In an arithmetic sequence, a_17 = -40 and a_28 = -73. Please explain how to use this information to write a recursive formula for this sequence!

Answer 1

An arithmetic sequence

`a_1,a_2,a_3,\ldots,a_n,\ldots`

is one in which consecutive terms of the sequence differ by a fixed number, call it d. This means that, given the first term
`a_1`, we can build the sequence by simply adding d :

`a_2=a_1+d`

`a_3=a_2+d`

`a_4=a_3+d`

and so on, the general pattern governed by the recursive rule,

`a_n=a_(n-1)+d`

We can exploit this rule in order to write any term of the sequence in terms of the first one. For example,

`a_3=a_2+d=(a_1+d)+d=a_1+2d`

`a_4=a_3+d=(a_1+2d)+d=a_1+3d`

and so on up to

`a_n=a_1+(n-1)d`

In this case, we're not given the first term right away, but the 17th. But this isn't a problem; we can use the same exploit to get

`a_(18)=a_(17)+d`

`a_(19)=a_(17)+2d`

`a_(20)=a_(17)+3d`

and so on, up to the next term we know,

`a_(28)=a_(17)+11d=-40+11d`

(Notice how the subscript of a on the right and the coefficient of d add up to the subscript of a on the left.)

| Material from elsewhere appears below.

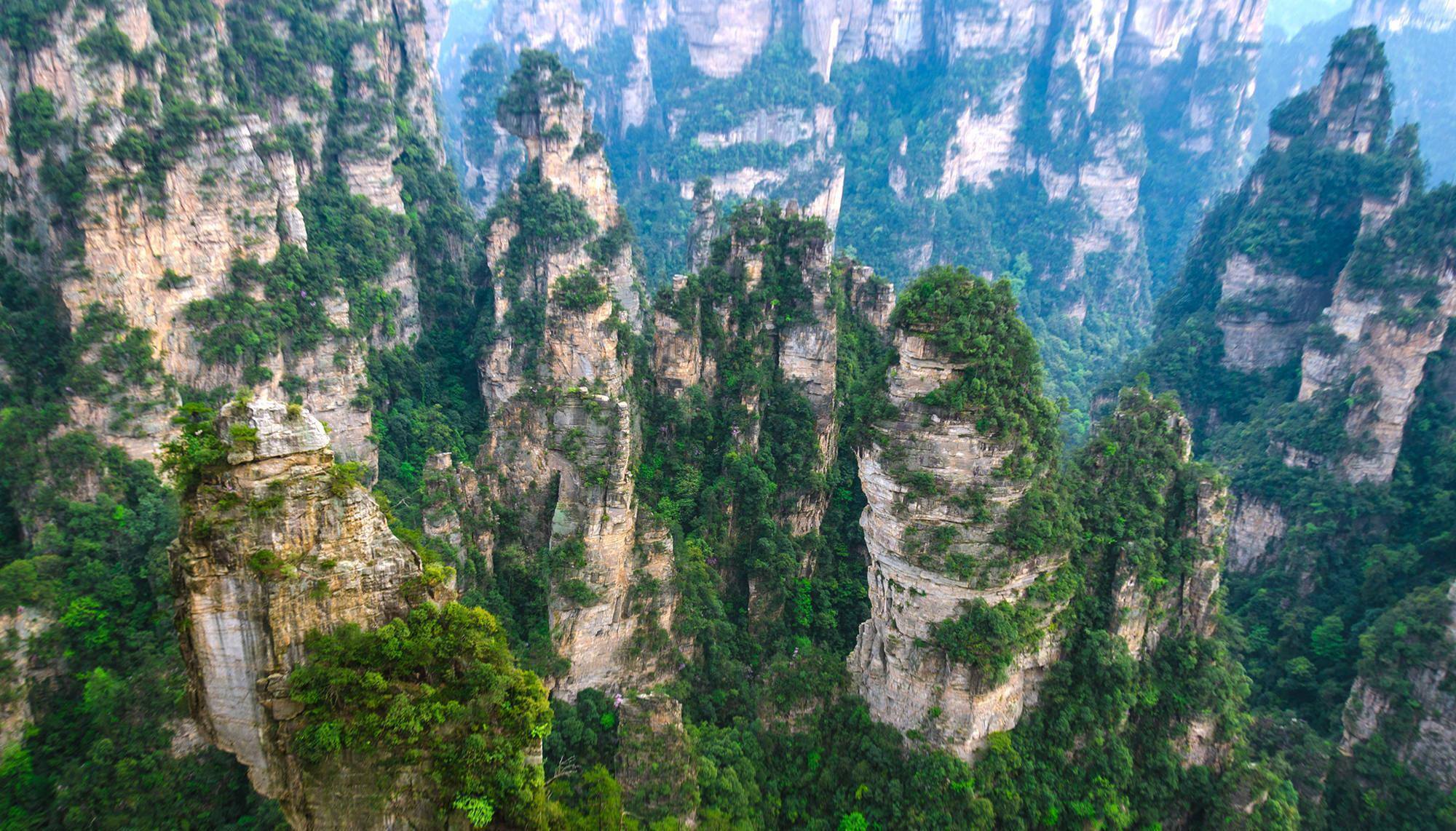 湖南最出名的旅游景区，中国首个国度丛林公园，美若仙境值得一去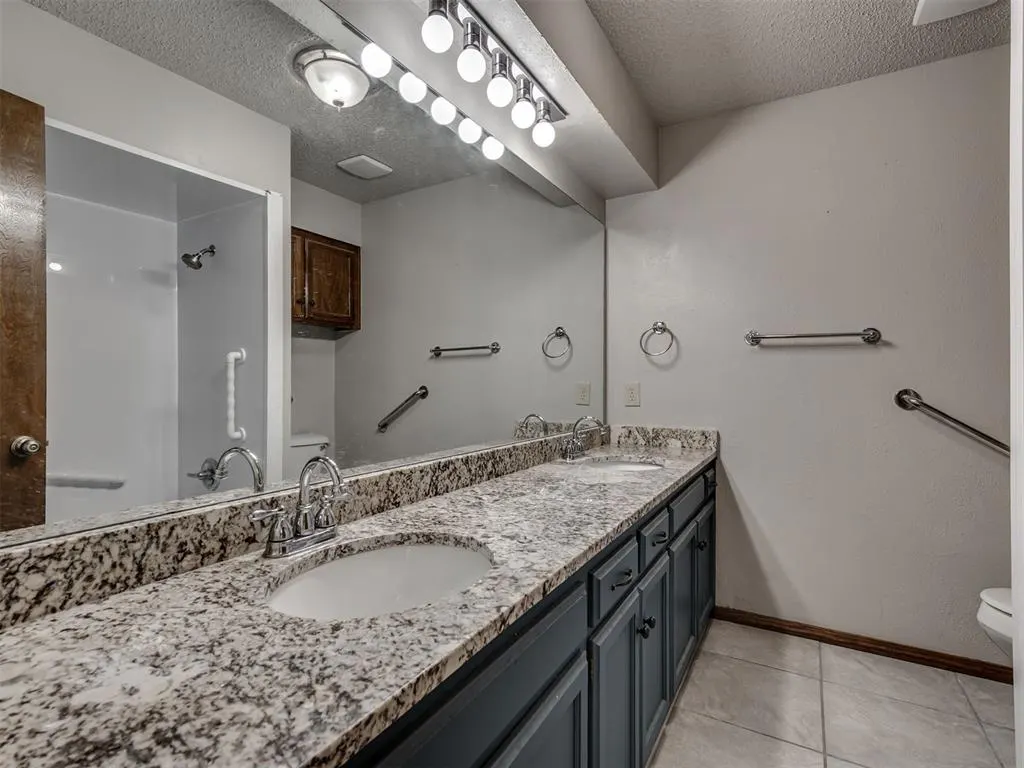 Photo 18 — 1306 Sean Court, Midwest City, OK 73110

The 28th term is -73, so we can solve for d :

`-73=-40+11d\implies -33=11d\implies d=-3`

To get the first term of the sequence, we use the rule found above and either of the known values of the sequence. For instance,

`a_(17)=a_1+16d\implies-40=a_1-16\cdot3\implies a_1=8`

Then the recursive rule for this particular sequence is

`\begin{cases}a_1=8\\a_n=a_(n-1)-3&\text{for }n>1\end{cases}`